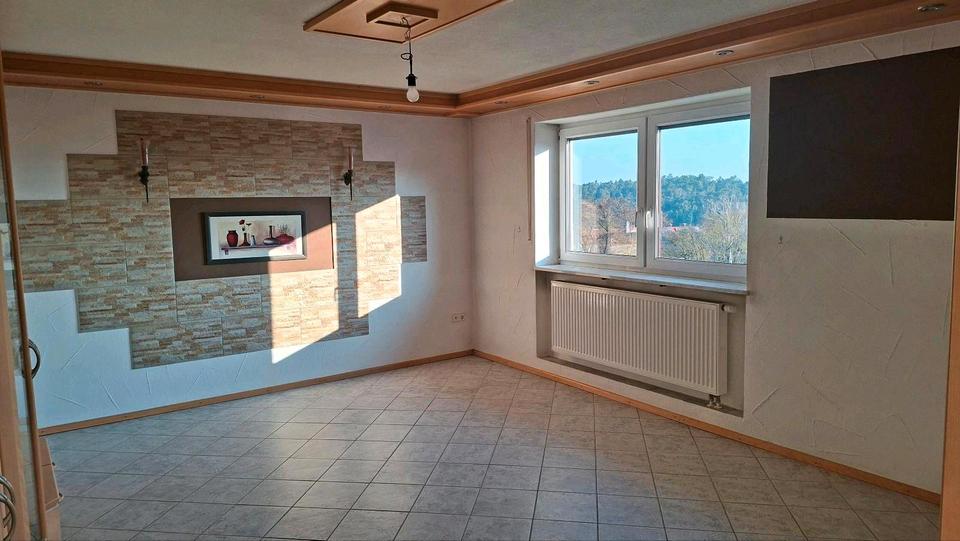 Etagenwohnung Brunnen - 4 Zimmer, 103 m&sup2;, 1.150&euro; | Angebot:26021045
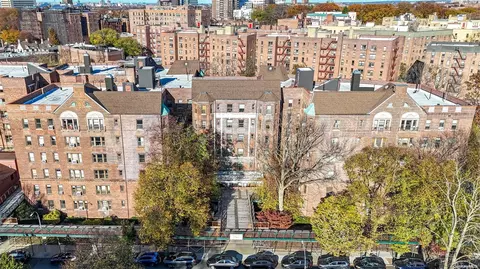 84-51 Beverly Rd #4P, New York, NY 11415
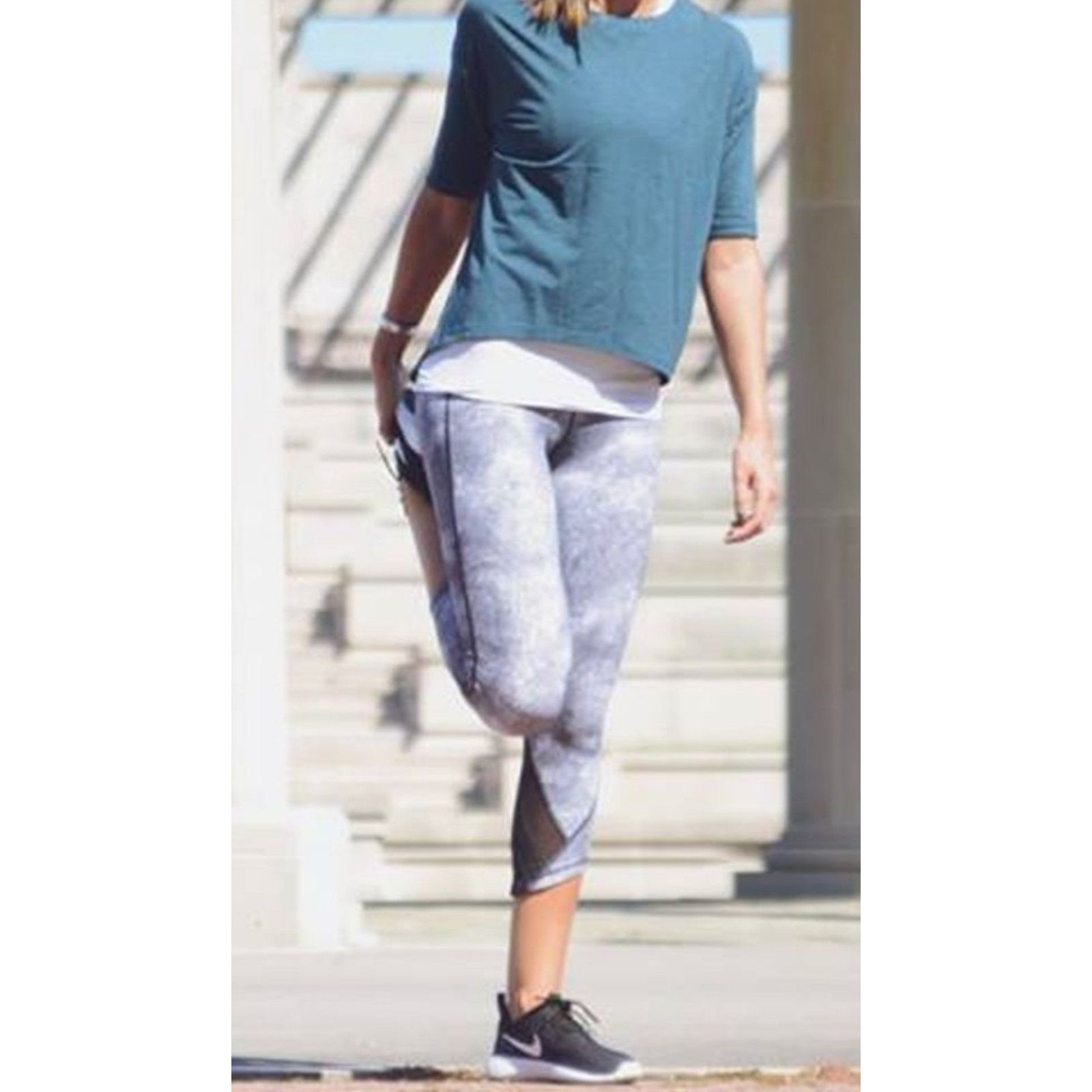 Lululemon Lululemon Essential Rhythm Crop Leggings Sz 4 Diffusion Lux Size 27" / US 4 / IT 40 - 11 Thumbnail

------------------------------

■ Task directions
Print the complete listing exactly as it stands, without its pictures.

■ Response to this exercise
 Etagenwohnung Brunnen - 4 Zimmer, 103 m&sup2;, 1.150&euro; | Angebot:26021045
 84-51 Beverly Rd #4P, New York, NY 11415
 Lululemon Lululemon Essential Rhythm Crop Leggings Sz 4 Diffusion Lux Size 27" / US 4 / IT 40 - 11 Thumbnail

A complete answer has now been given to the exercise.